Stored data:
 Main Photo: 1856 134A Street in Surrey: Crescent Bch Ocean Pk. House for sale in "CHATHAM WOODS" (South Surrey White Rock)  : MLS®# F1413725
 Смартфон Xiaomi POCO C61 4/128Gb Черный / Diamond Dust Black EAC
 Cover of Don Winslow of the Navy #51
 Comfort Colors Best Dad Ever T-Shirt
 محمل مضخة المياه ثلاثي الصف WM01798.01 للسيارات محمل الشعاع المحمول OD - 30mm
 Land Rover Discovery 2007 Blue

• WORK INSTRUCTION:
Could you reproduce all the records exactly?

• TASK SOLUTION:
 Main Photo: 1856 134A Street in Surrey: Crescent Bch Ocean Pk. House for sale in "CHATHAM WOODS" (South Surrey White Rock)  : MLS®# F1413725
 Смартфон Xiaomi POCO C61 4/128Gb Черный / Diamond Dust Black EAC
 Cover of Don Winslow of the Navy #51
 Comfort Colors Best Dad Ever T-Shirt
 محمل مضخة المياه ثلاثي الصف WM01798.01 للسيارات محمل الشعاع المحمول OD - 30mm
 Land Rover Discovery 2007 Blue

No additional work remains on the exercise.